Each line of the records below that holds "photo" should be returned.

:::

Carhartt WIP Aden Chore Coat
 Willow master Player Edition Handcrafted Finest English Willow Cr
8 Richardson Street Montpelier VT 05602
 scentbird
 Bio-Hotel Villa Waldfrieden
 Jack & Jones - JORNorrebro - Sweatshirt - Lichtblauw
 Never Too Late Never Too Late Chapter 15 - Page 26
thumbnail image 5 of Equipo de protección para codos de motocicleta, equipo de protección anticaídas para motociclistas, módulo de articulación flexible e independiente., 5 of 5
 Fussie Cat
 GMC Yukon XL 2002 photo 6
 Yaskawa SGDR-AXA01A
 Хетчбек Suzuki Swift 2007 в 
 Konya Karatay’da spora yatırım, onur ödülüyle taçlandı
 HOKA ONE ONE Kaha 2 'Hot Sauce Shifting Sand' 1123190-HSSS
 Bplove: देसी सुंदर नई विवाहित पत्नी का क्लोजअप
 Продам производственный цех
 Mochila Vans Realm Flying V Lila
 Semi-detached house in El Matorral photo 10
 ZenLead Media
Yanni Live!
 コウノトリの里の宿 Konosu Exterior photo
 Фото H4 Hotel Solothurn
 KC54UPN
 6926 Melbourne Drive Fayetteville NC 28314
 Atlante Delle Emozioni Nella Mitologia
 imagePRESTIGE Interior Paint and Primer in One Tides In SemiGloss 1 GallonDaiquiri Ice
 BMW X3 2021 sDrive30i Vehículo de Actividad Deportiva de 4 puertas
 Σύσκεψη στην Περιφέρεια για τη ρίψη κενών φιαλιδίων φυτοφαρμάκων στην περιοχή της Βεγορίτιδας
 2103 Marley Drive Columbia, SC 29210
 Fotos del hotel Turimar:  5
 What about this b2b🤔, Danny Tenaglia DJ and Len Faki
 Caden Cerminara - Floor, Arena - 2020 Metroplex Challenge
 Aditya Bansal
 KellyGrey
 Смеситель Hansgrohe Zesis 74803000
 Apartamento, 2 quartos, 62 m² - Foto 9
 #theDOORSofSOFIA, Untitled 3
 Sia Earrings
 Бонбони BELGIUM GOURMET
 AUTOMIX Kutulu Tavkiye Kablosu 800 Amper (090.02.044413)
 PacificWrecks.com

:::

● **Written answer**
 GMC Yukon XL 2002 photo 6
 Semi-detached house in El Matorral photo 10
 コウノトリの里の宿 Konosu Exterior photo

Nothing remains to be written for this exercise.